It's time to take a sigh of relief.


The quantified self is often used to help users mold new habits in the name of self-improvement, whether it's helping people drink more water, eat fewer calories, walk a thousand steps per day, or spend less money.

But those are issues where the benefits and ramifications are easily percieved. How could the quantified self be used to help people become cognizant of personal issues that are easily overlooked or difficult to combat, like mental fatugue?


We began the design process by interviewing a variety of people about their daily habits and their perception of stress and fatigue. We found that there was definitely a gap between people's knowledge and self-awareness of mental fatigue. The busy agendas, both social and professional, of the people we interviewed meant that they didn't know when or how to take a break to catch their break throughout the day.

"Physical exhaustion is fine, but mental stress is more overwhelming; I don't know how to deal with it."


As we combed through our interview notes, we came to the conclusion that we could leverage the quantified self to help people become aware about their state of mental fatigue while integrating micro-interventions to help users along their day.

We began to do research into what the quantifiable symptoms of mental fatigue were, as well as what strategies were commonly recommeneded for managing stress.

Our research into physical symptoms revealed that pulse, blood pressure, respiration rate, and sweat were indicators that we could use; one study indicated that a patch of sweat glands on the upper arm was most closely linked to stress, therefore a low-profile armband that contained the comonents needed to track these attributes would provide the best data for the system to utiize.

So to this end, I created a rough mockup out of clay and a neoprene-like fabric: if the wearable was to be worn on the upper arm, then it would need to be able to be worn discreetely so as not to draw attention and comfortably so that people would actually want to wear it. The wearable would comprise of an armband containing an optical heart rate sensor as well as bio-impedance sensors for respiration and sweat; a removable module would contain a battery, connectivity radios, and other sensors such as an accelerometer.
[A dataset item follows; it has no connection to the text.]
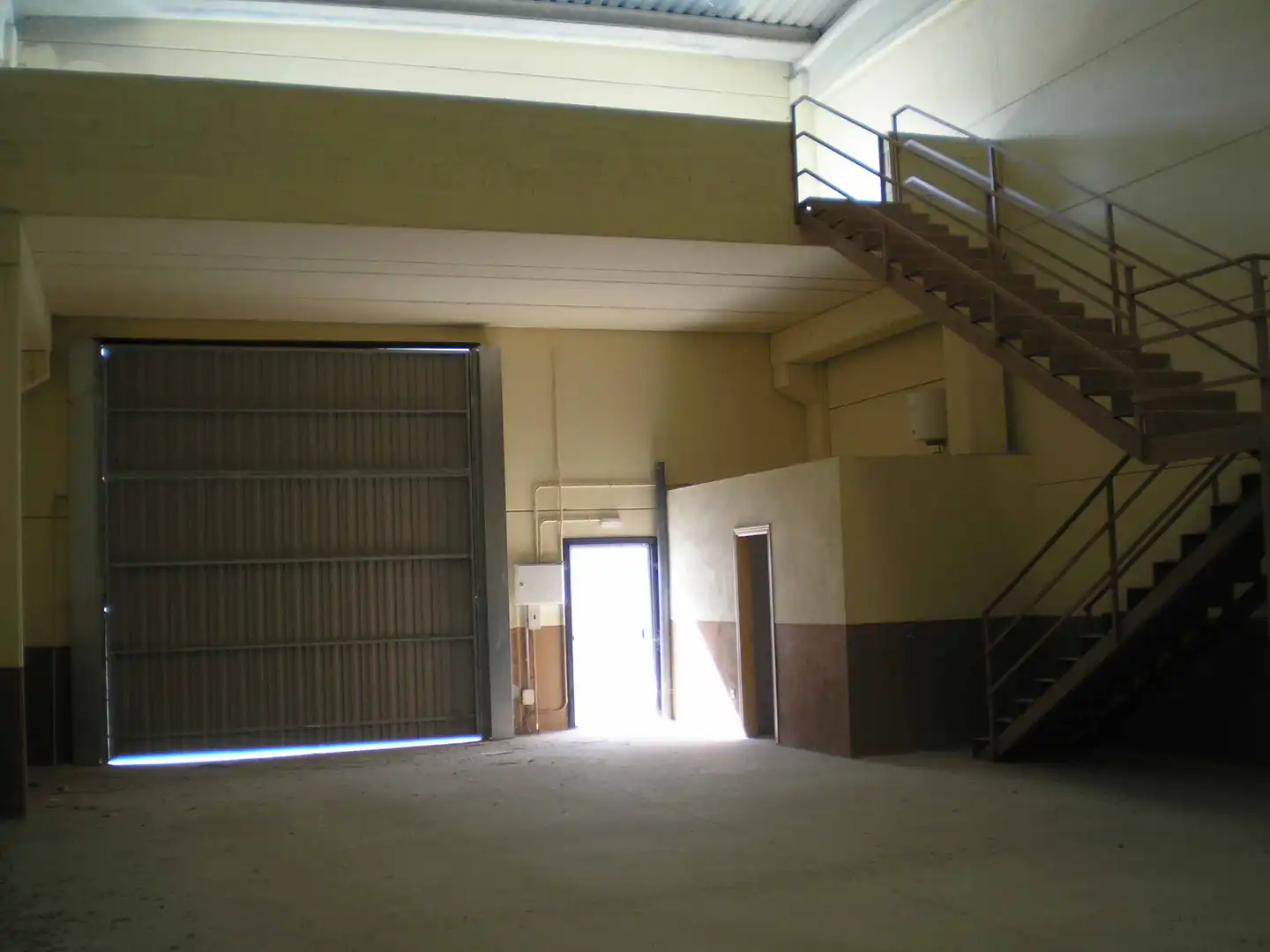 Nau industrial en venda a Zona Industrial Borreguno - Camporrosso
The size of the module was based off a Fitbit Surge, as it contains a similar complement of sensors while having respectable battery life.
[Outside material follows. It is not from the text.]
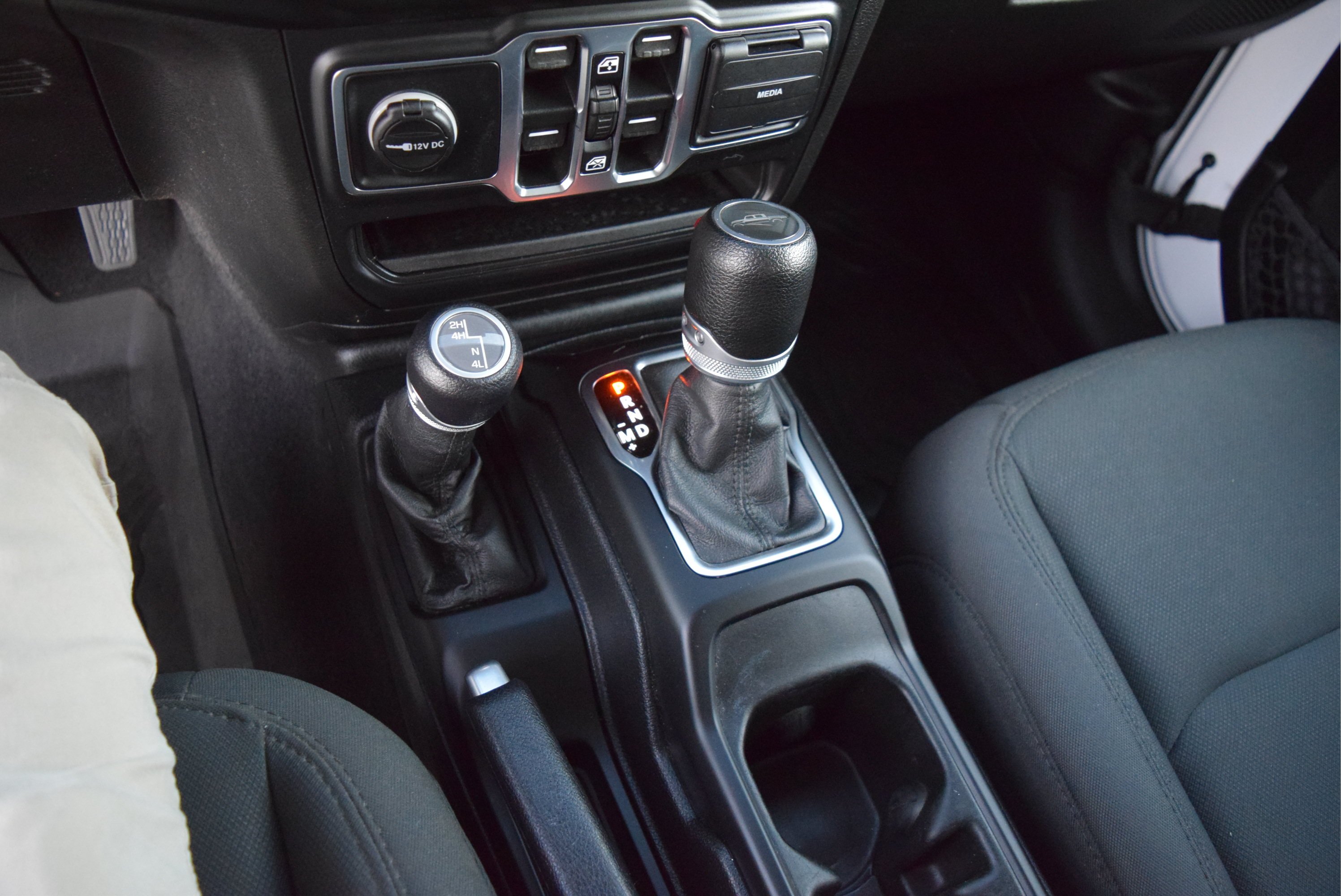 Used 2021 Jeep Gladiator Sport AWD/4WD image 13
I conducted several hallway wearability tests with the mockup; although the weight was heavier than an actual wearable would be, it was sufficiently discrete and comfortable.
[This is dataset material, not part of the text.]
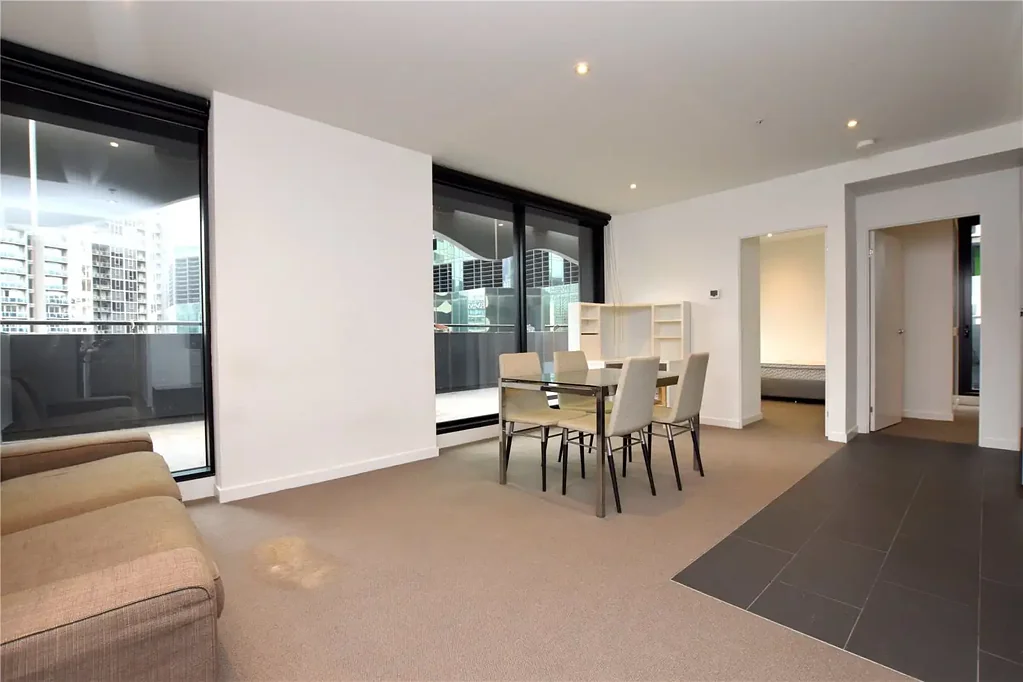 Superb 2 Bedrooms with Huge Size Balcony!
On the software side, we decided on prompting users to engage in micro-activities that would be triggered by either shifts in the user's tracked metrics or by a mere matter of time. Activities included "Take a bathroom break", "Go get some water", and "Go outside for a few minutes". These were optimized for people with desk jobs, as all of these prompts involved getting up and walking for a little bit, but they are also dismissable.


While this project was an academic exercise, industry has already begun shifting in this general direction: other wearables such as Spire aims to deliver on the same goal, while other wearables like the try to encourage users to reach activity goal in a simple and realistic manner.